Viaggi e turismo

In Friuli al Castello di Buttrio cuore di un mondo vitivinicolo pregiato ed antico

Secondo recenti analisi sul turismo in Italia, il 75% dei viaggiatori si concentra sul 4% del nostro territorio, tralasciando il 96% di un Paese meraviglioso. Tra queste ampie zone trascurate dai viaggiatori c’è il Friuli Venezia Giulia, una regione ricchissima per ricchezza geografico (dalle spiagge dorate alle Dolomiti) e patrimonio artistico, culturale ed enogastronomico. Se a uno straniero parli di Friuli, storce il naso dubbioso. Eppure è la regione del caffè Illy, della grappa Nonino, del buonissimo Prosciutto di San Daniele, di tanti ristoranti gourmet e di vini eccellenti.

Non ci sono i cinque stelle lusso che fanno brillare la mappa dell’Italia nel mondo, ma questo è soprattutto un vantaggio. Significa prezzi più umani, luoghi meno affollati e un’ospitalità genuina, spesso a conduzione famigliare.

Vista del castello di Buttrio al tramonto, in un territorio vinicolo della regione Friuli. (Alamy Stock Photo via Reuters)
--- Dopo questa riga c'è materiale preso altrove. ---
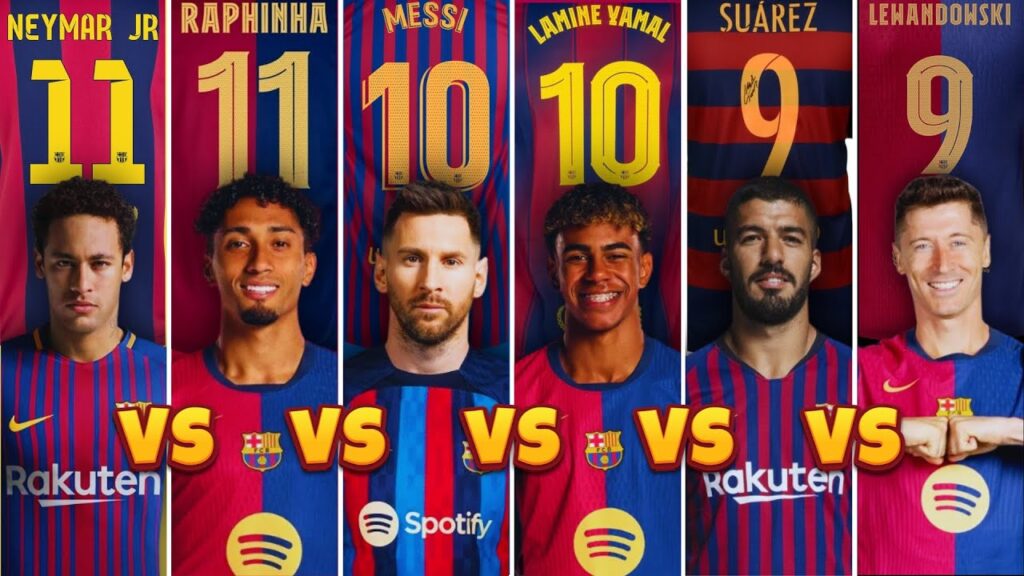 Comparison: Messi vs Neymar vs Lamine Yamal vs Luis Suárez vs Raphinha vs Lewandowski | WHO IS GOAT?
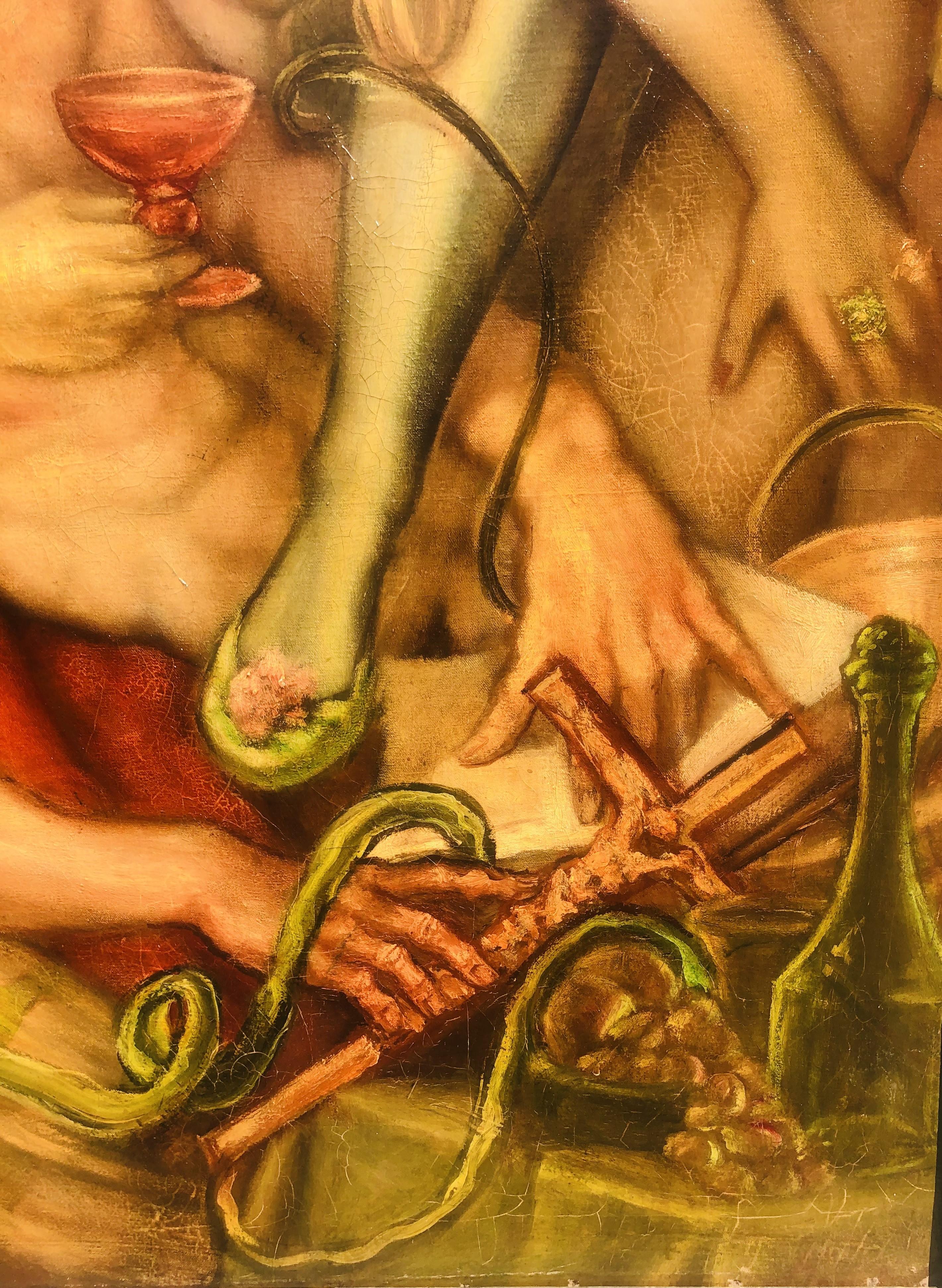 FABULOUS Early 20th Century Erotic Bacchanalian Scene British School - Brown Figurative Painting by Unknown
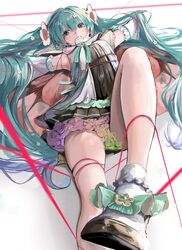  aqua_eyes aqua_hair bad_id bad_twitter_id black_skirt blue_hair cape commentary detached_sleeves female flower flower_underskirt gradient_hair hair_flower hair_ornament hair_tie hatsune_miku highres knee_up leg_up long_hair lying magical_mirai_(vocaloid) magical_mirai_miku magical_mirai_miku_(2021) multicolored_hair muu_(muu_shiromiya) on_back pleated_skirt ribbon skirt solo twintails very_long_hair vocaloid 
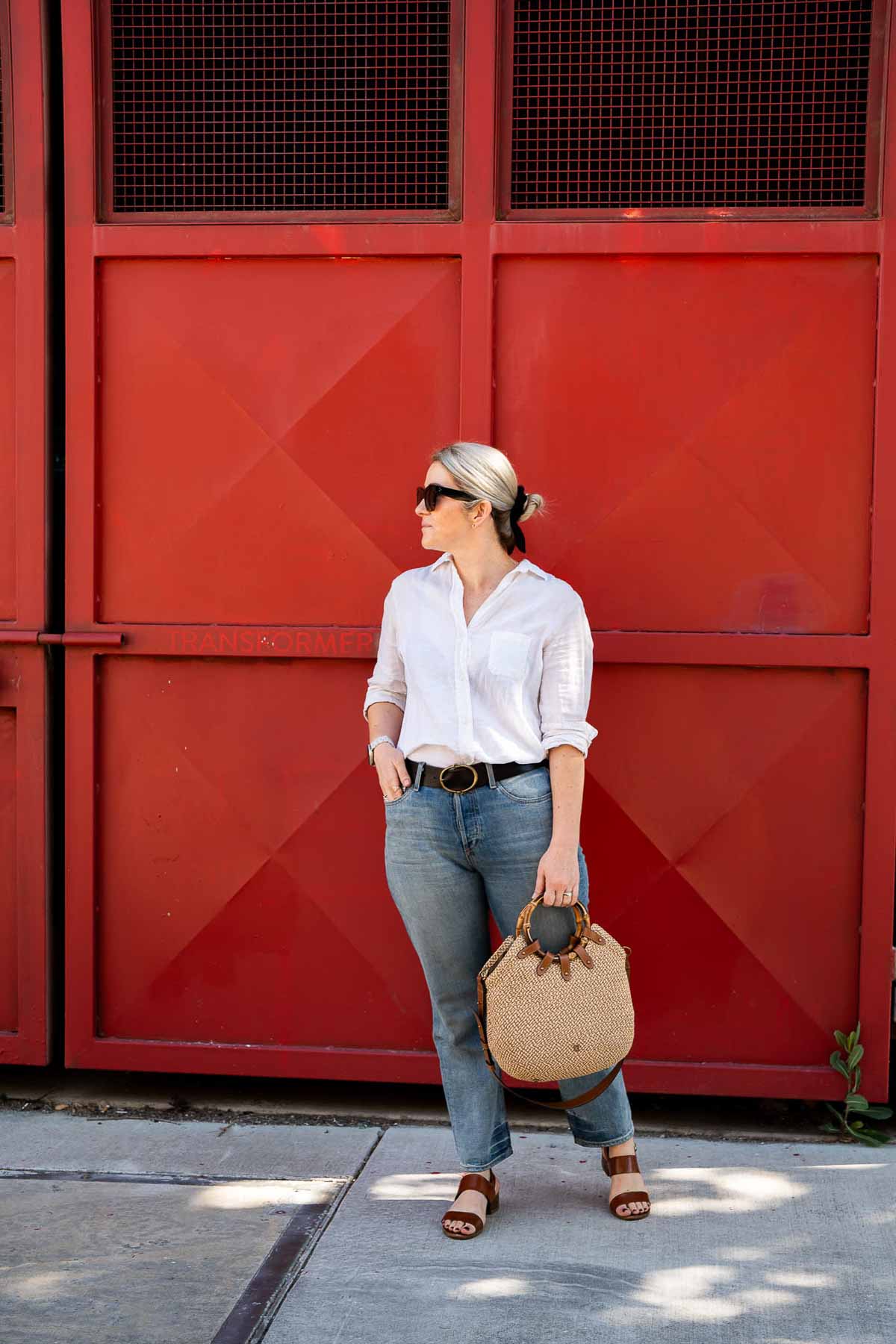 Summer Jeans Outfit with White Linen button down shirt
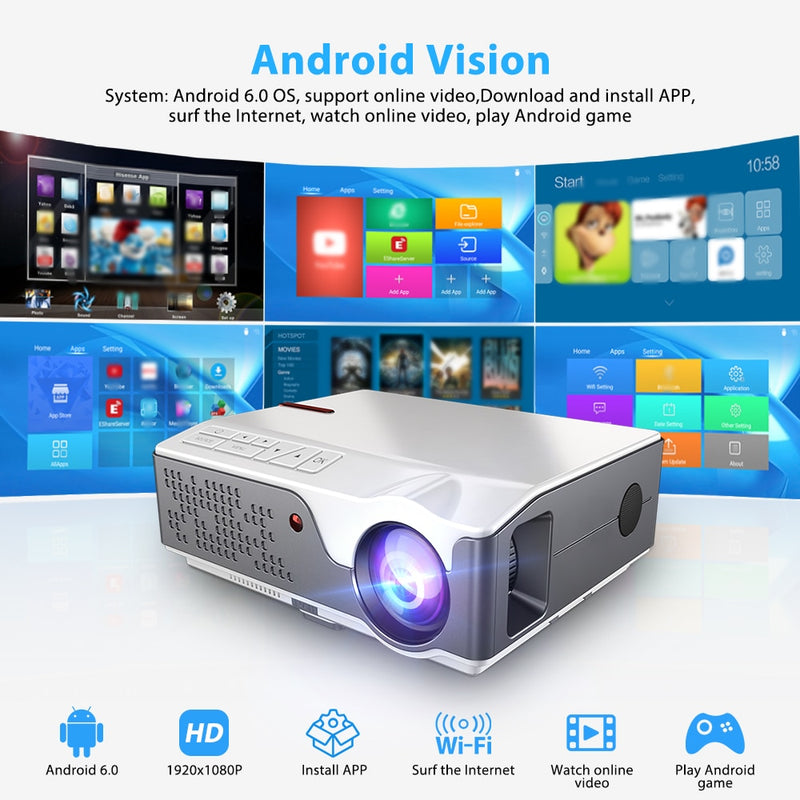 ThundeaL Full HD 1080P Projektor TD96 TD96W Android WiFi LED Proyector Native 1920 x 1080P 3D Heimkino Smartphone Beamer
Una dimora del XIII secolo

Sui Colli Orientali, a Buttrio, in provincia di Udine, c’è un castello del XIII secolo che Marco Felluga, storico produttore di vino, ha regalato alla figlia Alessandra per continuare la tradizione vitivinicola della casa. Il castello, per diversi anni abitazione di Alessandra e delle sue tre figlie Maria Vittoria, Michela e Maria Eugenia, è stato poi trasformato in un country hotel di 16 camere arredate con mobili di famiglia, baldacchini, tessuti pregiati e qualche pezzo etnico che riscalda l’atmosfera. La stanza nella torre è un gioiello con la vista sul parco intorno.

Come in un castello, i grandi saloni stuccati, i salotti più intimi con le librerie e i camini accesi sono spazi da vivere piacevolmente. Ma come in un hotel contemporaneo, è stata aggiunta anche una grande piscina nel prato per godersi il sole e la bellezza del paesaggio intorno. Un passo alla volta Alessandra e le sue figlie, quattro donne moderne e appassionate, stanno costruendo un’oasi di piacere tra le colline friulane, anche se il vigneto intorno è il vero motore dell’azienda, ciò che spinse Felluga ad acquistare la tenuta. Perché la collina di Buttrio, alle propaggini del Collio, ricca di argilla e calcare e ben ventilata, dà vini rotondi e piacevoli. E lo stesso vigneto è sempre stato parte del parco del castello insieme a melograni, fichi, cipressi, due gelsi monumentali. Un luogo agricolo e allo stesso tempo di svago e contemplazione affacciato verso le montagne. Poi si scende fino all’agriturismo, dove ci sono altre quattro camere e un bel giardino vista filari, e poi c’è la cantina, dove si producono sei vini che si possono degustare o abbinare al menù vagamente fusion tra tradizione friulana e tecniche orientali.

Una gita a Cividale

Non è facile uscire da quelle mura idilliache, ma nei dintorni c’è tanto da fare e vedere: sentieri per passeggiare nel verde, gite in bicicletta, visite ai patrimoni Unesco, come Cividale, la città fortezza di Palmanova e il sito archeologico di Aquileia, gli affreschi di Tiepolo nel Palazzo dei Patriarchi di Udine. Ma questi sono solo esempi di un territorio che ha ancora tanto da svelare.